Crunchy Bok Choy Slaw with Sesame Ginger Dressing

     This sweet and tangy slaw made with bok choy is a refreshing twist on a summer favorite and a great way to use abundant garden produce.

Morning friends!

It’s another Wednesday, and time for this month’s recipe redux.

Here’s what we have in store.

Fresh from the Garden

The season of abundant produce is here. Whether your bounty comes from the farmers market, a CSA share, or your backyard, show how you’re using fresh July fruits or vegetables. Share your gardening wins — or lessons — too!

I can barely keep basil alive, so I don’t trust my gray thumb to supply anything reliably edible.

If I had to grow my own food, I’d probably be living off withered leaves and fruit flies.

There are “experts” for a reason — botany is not my area of expertise.

Being in New England, many crops peak later in the season, but one thing that’s abundant right now is

GREENS!

One of my July goals was to try a new fruit or vegetable each month.

I’ve tried kale, collards, spinach and mustard greens, but one green I’ve been avoiding is bok choy.

Honestly, I didn’t know what to do with it. After seeing a row of bok choy quietly judging me at the farmers market, I decided it was time to show them who was Queen of the Greens.

Summer to me means ice cream, watermelon, and a crisp slaw.

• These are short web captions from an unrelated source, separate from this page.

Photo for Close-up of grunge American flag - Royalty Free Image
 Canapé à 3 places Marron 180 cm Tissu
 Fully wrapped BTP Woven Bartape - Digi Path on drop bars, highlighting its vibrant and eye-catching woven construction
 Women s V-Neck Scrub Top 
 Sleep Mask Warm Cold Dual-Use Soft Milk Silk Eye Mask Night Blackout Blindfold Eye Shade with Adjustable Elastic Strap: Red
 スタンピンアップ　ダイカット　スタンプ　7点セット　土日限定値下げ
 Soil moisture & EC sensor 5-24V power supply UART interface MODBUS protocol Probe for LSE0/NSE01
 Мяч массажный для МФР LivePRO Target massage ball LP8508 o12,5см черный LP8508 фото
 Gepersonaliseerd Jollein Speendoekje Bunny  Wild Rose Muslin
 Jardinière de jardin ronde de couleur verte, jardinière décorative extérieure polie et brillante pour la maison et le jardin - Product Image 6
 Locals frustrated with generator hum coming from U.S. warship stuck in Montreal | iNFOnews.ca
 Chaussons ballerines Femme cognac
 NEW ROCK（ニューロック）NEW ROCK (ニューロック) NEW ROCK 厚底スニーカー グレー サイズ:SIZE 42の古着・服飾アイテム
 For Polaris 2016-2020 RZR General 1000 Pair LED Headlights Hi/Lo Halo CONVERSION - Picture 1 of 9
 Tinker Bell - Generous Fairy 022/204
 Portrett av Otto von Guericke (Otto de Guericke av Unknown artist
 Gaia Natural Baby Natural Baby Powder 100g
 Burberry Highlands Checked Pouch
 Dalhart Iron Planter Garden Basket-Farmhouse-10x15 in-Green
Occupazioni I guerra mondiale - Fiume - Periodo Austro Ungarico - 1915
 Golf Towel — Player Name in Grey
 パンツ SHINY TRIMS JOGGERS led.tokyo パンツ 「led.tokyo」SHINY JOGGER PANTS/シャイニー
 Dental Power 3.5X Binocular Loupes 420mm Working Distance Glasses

Mayo and celery seed wouldn’t do for my bok choy debut. I wanted heat, tang, sweet, salt, and crunch — and this slaw delivers. It’s the kind of dish that disappears fast.

No shame — it’s greens.

This sweet and tangy Asian slaw made with bok choy is a fun twist on a summer classic, and a great way to use up your garden bounty. #vegan #glutenfree

Bok Choy Slaw




5 Stars


4 Stars


3 Stars


2 Stars


1 Star

5 from 2 reviews

  • Author: Emily Cooper, RDN
  • Yield: 4 servings 1x
Print Recipe

Ingredients


Units



Scale

  • 1 small head bok choy (about 6 leaves)
  • 1 large carrot, grated
  • 1 clove garlic, minced
  • 1 tablespoon Tamari*
  • 2 tablespoons rice wine vinegar
  • 1 tablespoon fresh lime juice
  • 1 tablespoon olive oil
  • ½ tablespoon honey
  • ¼ teaspoon crushed red pepper
  • ¼ cup crushed almonds

Instructions

  1. Rinse and chop bok choy into thin strips. Add to a large bowl.
  2. Grate the carrot and add to the bok choy.
  3. In a small bowl, whisk together the garlic, Tamari, rice wine vinegar, lime juice, olive oil, honey, and crushed red pepper.
  4. Pour the dressing over the vegetables and toss until thoroughly combined.
  5. Refrigerate for at least 30 minutes to allow flavors to meld.
  6. Transfer to a serving bowl and top with crushed almonds just before serving.

Notes

*If not strictly gluten-free, regular soy sauce can be used instead of Tamari.

  • Category: Salads, Vegetables, Sides

Did you make this recipe?

Tag @sinfulnutrition on Instagram and use the hashtag #sinfulnutrition

Make it a great day!

Do you have a garden or CSA?

What’s in season where you are?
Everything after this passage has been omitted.